Hello,
I have an unmasked genome and its repeat file in bed/gff format. I tried to softmask the genome using maskFastaFromBed from bedtools (v2.26), but it doesn't automatically mask the minus strand by taking strand information from the .bed file. There is no -s option to switch on strandedness either (a feature available in getfasta). So basically, the masking is always returned on the + strand and I'm surprised! Does anyone have any ideas or alternative tools to suggest? Example run and output is below.
Thanks.
genome.fasta
Chr1
ATTGACAGAAATATCATCACATCTATTCTTTCTCTCCCCTAGTTTAGCAAAT
Chr2
GACATATAAATAATAGTGGGAAAGAGACCGGATGAAACCTCAACTGTGGCTTTCATTAACAGATCA
genome.bed
Chr1 0 17 for 1 +
Chr2 0 17 rev 1 -
maskFastaFromBed -soft -fi genome.fasta -bed genome.bed -fo genome_softmasked.fasta
Output:
Chr1
attgacagaaatatcatCACATCTATTCTTTCTCTCCCCTAGTTTAGCAAAT
Chr2
gacatataaataatagtGGGAAAGAGACCGGATGAAACCTCAACTGTGGCTTTCATTAACAGATCA
Can you provide example output of how you would like the output to be?
Hello,
I would've expected the output on minus strand as below (also shown by user Fatima below). Am I getting this wrong or something?
Thanks
Would it work if you modify the genome.bed based on the strand?
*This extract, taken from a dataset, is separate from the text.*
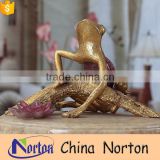 Table decorative beautiful gold and pink frog animal sculpture for sale gifts NTRS-AD013Y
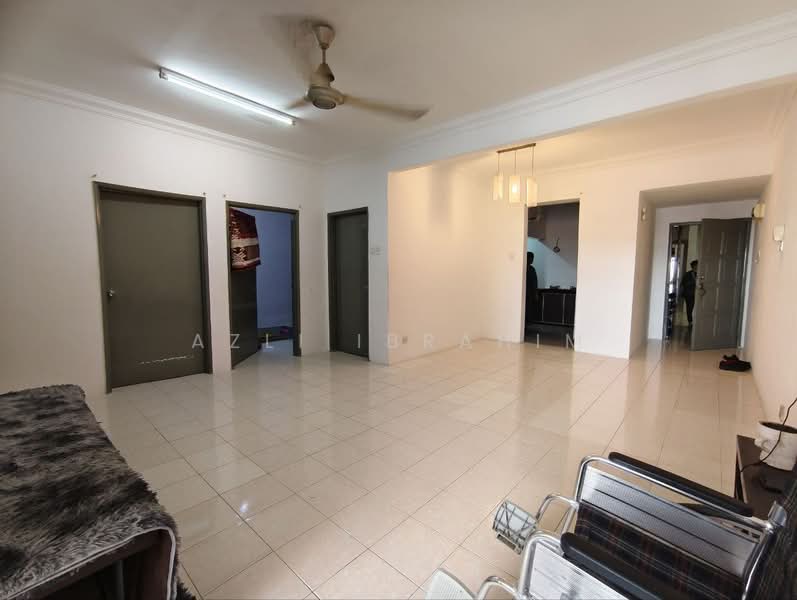 Apartment for Sale at Pangsapuri Permai Putera - Azli Ibrahim - Living Room - PropertyGuru.com.my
I assume for 0 17 on the negative strand you want the mask to be applied to 17 nucleotides starting from the last one toward the beginning of the sequence.
>Chr2
GACATATAAATAATAGTGGGAAAGAGACCGGATGAAACCTCAACTGTGGctttcattaacagatca
If that's the case I think you can modify your genome.bed and when it's - strand you can replace start stop with length-stop-1 and length-start
Hi Fatima,
Thanks for the reply. Yes, there are ways to modify the .bed file, but we shouldn't have to since bedtools generally takes strand information in other tools (like getfasta), but apparently not for maskFastaFromBed.